Monuments, manifestations et exposition
Nicolai Romashuk travaille aux Pays-Bas depuis des années pour veiller à ce que le génocide arménien ne soit pas oublié. Il prit l’initiative d’un monument arménien à Assen, ce qui provoqua une grande agitation parmi les Turcs et provoqua des manifestations et des procès. A ce jour, le génocide de 1915 est encore très sensible chez les Turcs et le gouvernement turc nie le génocide et parle de la « question arménienne ». Le monument a été construit à Assen et a été dévoilé le 24 avril 2001, le jour où le génocide arménien a commencé en 1915 avec le meurtre de six cents intellectuels. Depuis lors, chaque année, la commémoration de ce jour a lieu au monument. Romashuk a fait placer deux autres monuments à De Boskamp. Un pour les Arméniens morts pendant la Seconde Guerre mondiale pour libérer les Pays-Bas et un pour le journaliste Hrant Dink, assassiné en 2007. Il écrivait régulièrement sur la négation du génocide. L’année dernière, Romashuk et son fils Nicolai junior ont été étroitement impliqués dans l’exposition Sous le charme d’Ararat au Musée de la Drenthe. Ararat est la plus haute montagne de l’ancienne Arménie, où l’arche de Noé aurait été échouée. Le clou de l’exposition était un morceau de bois qui proviendrait de l’arche. A l’occasion de l’exposition, la famille Romashuk a fait don d’une pierre commémorative à Assen. Il est situé dans le Jardin du Gouverneur, en face du musée.

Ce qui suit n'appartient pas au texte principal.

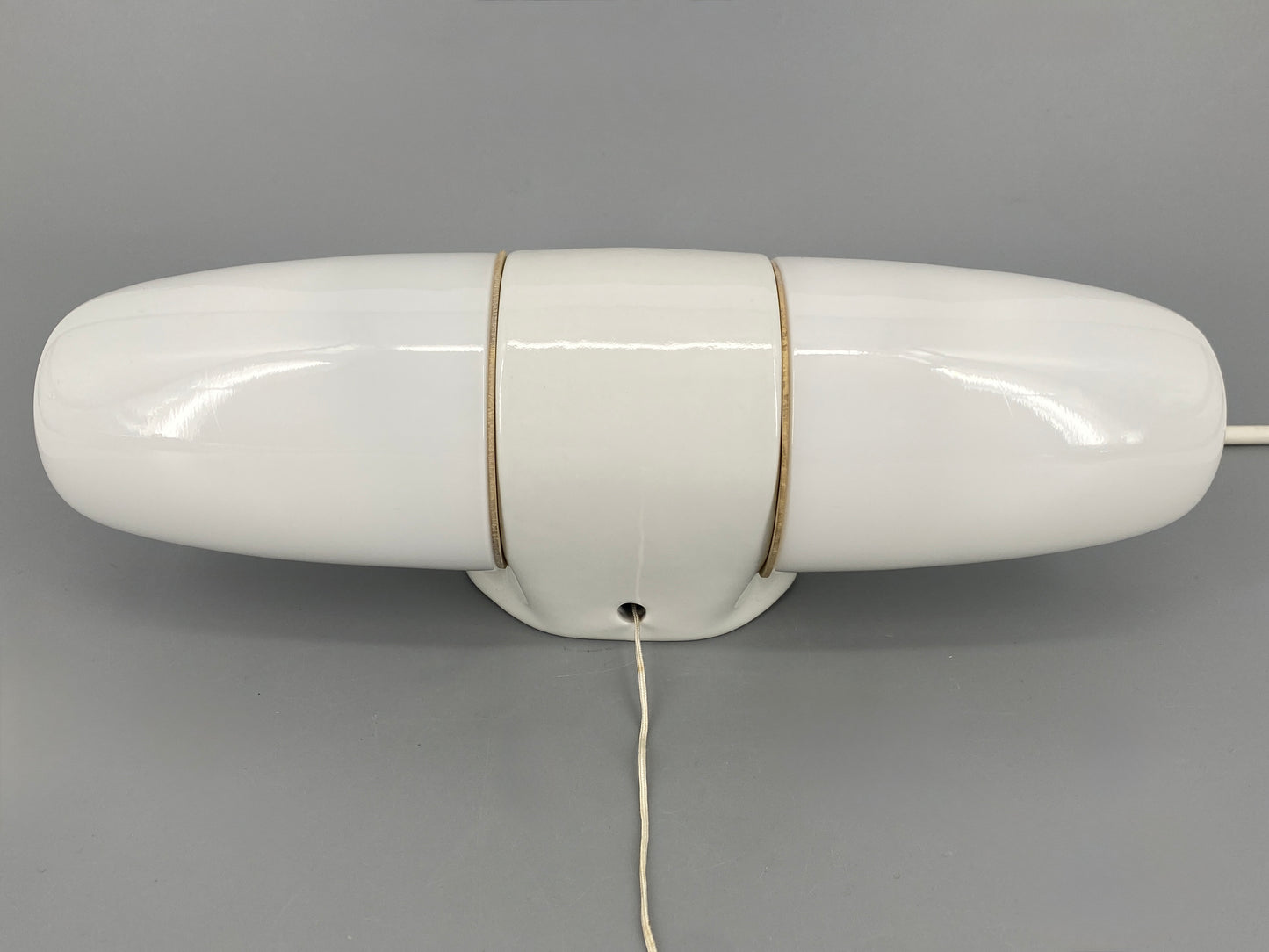 Zeitlose Wandlampe / Spiegellampe "6078Z" von Wilhelm Wagenfeld für Lindner mit Zugschalter, 50er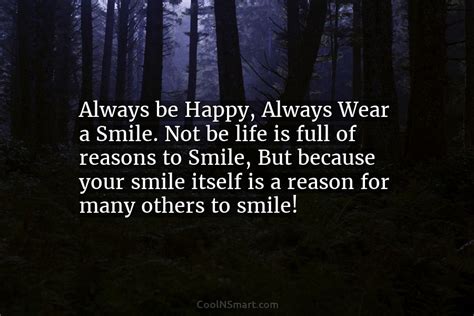 Quote Always Be Happy Always Wear A Smile Coolnsmart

Les souffrances infligées au peuple arménien, et à sa famille en particulier, n’ont jamais quitté Nicolai Romashuk. Avec le livre H Les habitants d’Ararat, comment ma grand-mère a survécu au génocide arménien il veut capturer les souvenirs de sa famille. « Nous sommes des Arméniens. Nos vies sont marquées par les grands crimes commis contre notre peuple. Ils ne doivent jamais être oubliés. J’ai fixé cet objectif dans ma vie et ce livre y contribue.
Dhimmies
Dikrianouhi Hairabedian-Misisslian, la grand-mère de Nicolai, est issue d’une famille d’entrepreneurs prospère de la ville d’Adana, dans l’actuel sud-est de la Turquie. Son père faisait le commerce de produits agricoles et possédait treize magasins. C’est remarquable, car les Ottomans considéraient les Arméniens chrétiens comme des « dhimmies », un peuple de seconde classe, tout comme les Juifs. Ils devaient payer des impôts supplémentaires, n’étaient pas autorisés à porter des armes, à exercer certaines professions, à ne pas construire d’églises et à ne pas monter à cheval.
Ils étaient déjà cruellement traités avant le génocide de 1915. Entre 1894 et 1895, on estime que 80 000 à 300 000 Arméniens ont été assassinés. Un an plus tard, Dikrianouhi Hairabedian est né. « Je ne peux que deviner comment ses parents ont survécu à ce massacre. Soit ils ont eu de la chance, soit ils ont été hébergés par des missionnaires », explique Romashuk.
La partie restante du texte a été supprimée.